Closed smrgeoinfo closed 9 years ago
When using http://schemas.usgin.org/validate/wfs one problem is that it is constructing the wrong wfs request based on what it is pulling out of the Get onlineResource
element from the GetCapabilities doc. It is constructing the url as
http://uat-ngds.reisys.com:8080/geoserver/BoreholeTemperature/wfs?&service=WFS&version=1.0.0&request=GetFeature&typename=BoreholeTemperature:BoreholeTemperature&maxfeatures=1
but it should be
http://uat-ngds.reisys.com/geoserver-srv/BoreholeTemperature/ows?service=WFS&version=1.0.0&request=GetFeature&typeName=BoreholeTemperature:BoreholeTemperature&maxFeatures=1
In the capabilities document for the service (e.g. http://uat-ngds.reisys.com/geoserver-srv/BoreholeTemperature/ows?service=WFS&version=1.0.0&request=GetCapabilities), the URLs for the online resource attributes for each request (xpath is /WFS_Capabilities/Capability/Request//DCPType/HTTP/Get/@onlineResource) need to have the http://uat-ngds.reisys.com/geoserver-srv/ host URL, not the http://uat-ngds.reisys.com:8080/geoserver host URL.
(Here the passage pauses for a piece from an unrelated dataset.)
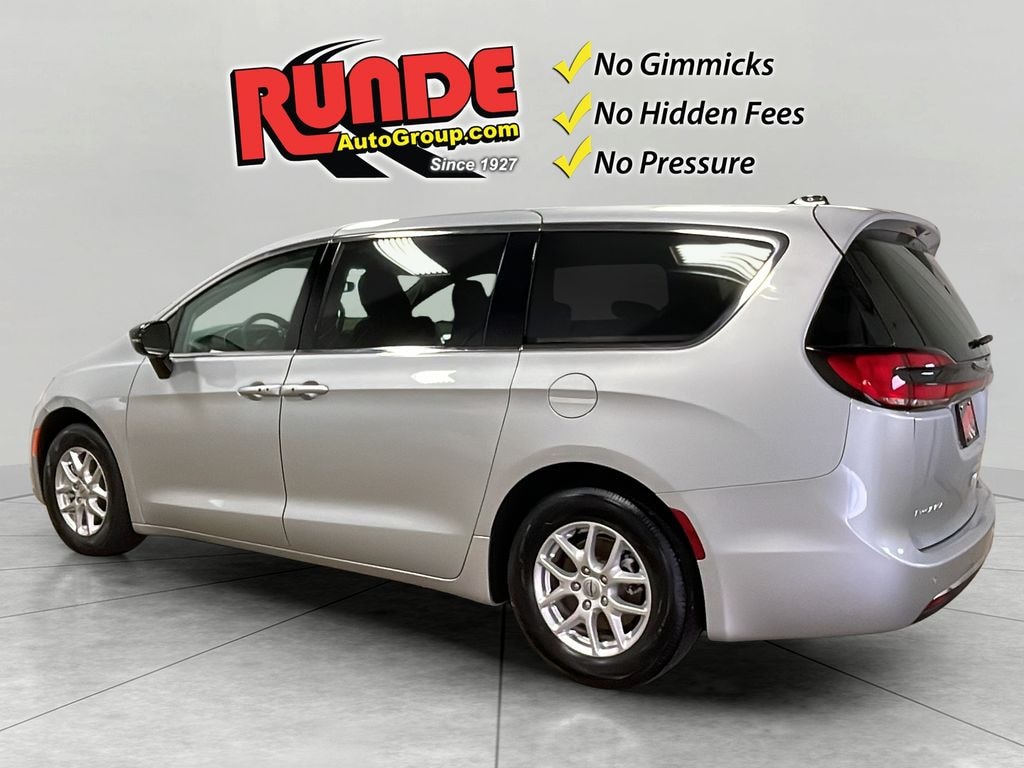 Used 2024 Chrysler Pacifica Touring L Passenger Van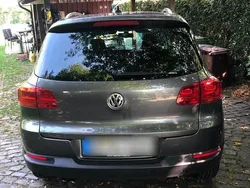 Grau Gebraucht 2015 VW Tiguan LOUNGE SUV | 11.500 € (Guter Preis)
ALSO, the validation component needs to access the service URLs from the capabilities document @jessica-azgs can you see if this is actually the case?
POSSIBLE FIXES:
@smrazgs @jessica-azgs I've found a way to fix it. The geoserver does provide a proxy base url for this purpose.
Can you please re-test WFS validation ?
Thanks
@JihadMotii-REISys the WFS doesn't validate,
Error Element 'BoreholeTemperature:BoreholeTemperature', attribute 'fid': The attribute 'fid' is not allowed. Error Element 'BoreholeTemperature:wellname_': This element is not expected. Expected is one of ( BoreholeTemperature:WellName, BoreholeTemperature:APINo, BoreholeTemperature:HeaderURI ).
@smrazgs @jessica-azgs Regarding "Error Element 'BoreholeTemperature:wellname': This element is not expected. Expected is one of ( BoreholeTemperature:WellName, BoreholeTemperature:APINo, BoreholeTemperature:HeaderURI )." => The problem was that the file that I used as resource has a column name "ObservationURI,WellName ,APINo,HeaderURI, ..." that contains an empty space and when I upload this file to datastore, this empty space converts to "". http://uat-ngds.reisys.com/geoserver-srv/BoreholeTemperature/ows?service=WFS&version=1.0.0&request=GetFeature&typeName=ckan:BoreholeTemperature&maxFeatures=10
@JihadMotii-REISys Can you manually remove the trailing spaces for now in Well Name
and Production
and continue on with the other issues in getting the WFS to validate? I think I'll need to make a tweak to usginmodels so a file which has extra spaces in field names won't validate on upload. This is an outlier case.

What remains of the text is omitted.